Actin assembles into both longitudinal and circumferential AFBs in hyp7
As our RNAi experiments indicated that actomyosin networks in hyp7 syncytia also contribute to morphogenesis of the alae (Fig 2), we went on to track the distribution of cortical actin in hyp7 across the L4 stage (Fig 4). For this purpose, we constructed a similar but distinct F-actin sensor comprising UTRNCH tagged with dsRED and driven by the hypodermal-specific promoter of dpy-7 [38] (Fig 4A). This sensor revealed both longitudinal AFBs along the hyp7-seam margins and circumferential filament bundles (CFBs), some of which branched off from the longitudinal bundles (Fig 4B).
(A) Diagram as in Fig 3A except hyp7 is magenta while seam is white. The hyp7-specific promoter dpy-7p was used to drive UTRNCH::dsRED expression. (B) Inverted confocal fluorescence micrographs show UTRNCH::dsRED detected at the indicated stages (strain ARF385, 25°C). L4.2: Arrow indicates F-actin at a presumptive seam-seam junction before fusion. Horizontal magenta lines label longitudinal AFBs along the lateral margins. Vertical magenta lines label circumferential AFBs (CFBs). Images are representative of n = 9 or more animals per stage. Scale bar, 10 μm. (C) Longitudinal AFBs in hyp7 overlap with AJs. (D) Quantitation of cortical CFB alignment in lateral (thick) region of hyp7. Values are averages of 6 ROIs per worm. ****P ≤ 0.0001, *P ≤ 0.01, Anova with Tukey’s correction for multiple comparisons.

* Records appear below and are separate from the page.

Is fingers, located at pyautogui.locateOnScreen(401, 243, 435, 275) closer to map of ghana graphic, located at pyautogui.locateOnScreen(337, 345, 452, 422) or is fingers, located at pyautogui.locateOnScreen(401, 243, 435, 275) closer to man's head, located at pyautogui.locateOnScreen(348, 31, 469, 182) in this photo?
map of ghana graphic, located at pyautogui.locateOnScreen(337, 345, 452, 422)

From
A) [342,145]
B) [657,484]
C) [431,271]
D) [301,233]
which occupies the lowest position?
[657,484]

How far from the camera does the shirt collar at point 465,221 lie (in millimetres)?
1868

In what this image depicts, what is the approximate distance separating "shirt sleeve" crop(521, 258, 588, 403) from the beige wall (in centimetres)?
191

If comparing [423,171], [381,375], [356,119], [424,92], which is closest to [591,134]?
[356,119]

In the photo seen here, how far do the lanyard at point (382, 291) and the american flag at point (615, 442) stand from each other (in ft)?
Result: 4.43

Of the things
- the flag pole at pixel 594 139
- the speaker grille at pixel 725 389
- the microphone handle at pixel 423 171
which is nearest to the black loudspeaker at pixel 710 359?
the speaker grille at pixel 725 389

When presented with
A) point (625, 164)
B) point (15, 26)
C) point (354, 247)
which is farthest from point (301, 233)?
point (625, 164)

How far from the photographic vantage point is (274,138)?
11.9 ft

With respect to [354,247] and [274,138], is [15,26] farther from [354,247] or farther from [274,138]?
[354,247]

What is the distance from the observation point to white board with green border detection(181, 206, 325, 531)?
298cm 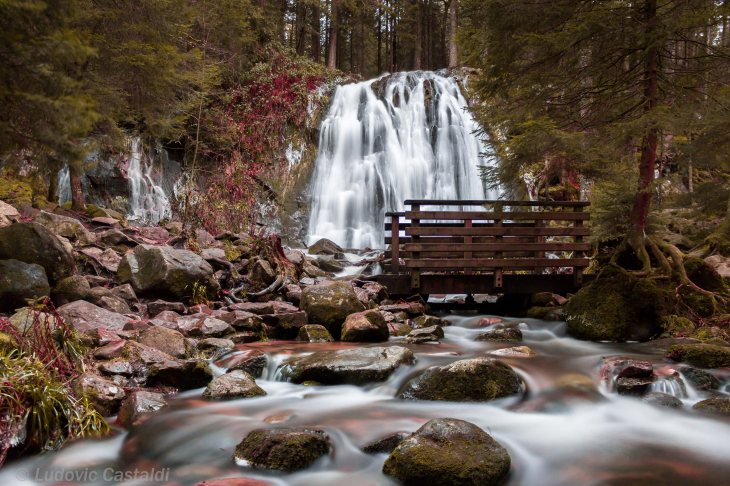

Like seam AFBs, the hyp7 longitudinal AFBs formed immediately following seam cell fusion (Fig 4B) and co-localized with an AJ marker (Fig 4C). These AFBs remained prominent throughout seam narrowing and widening (as defined in Fig 3) and then disappeared at the end of the L4-adult molt. We infer that longitudinal seam and hyp7 AFBs run in parallel along each side of the seam-hyp7 AJs.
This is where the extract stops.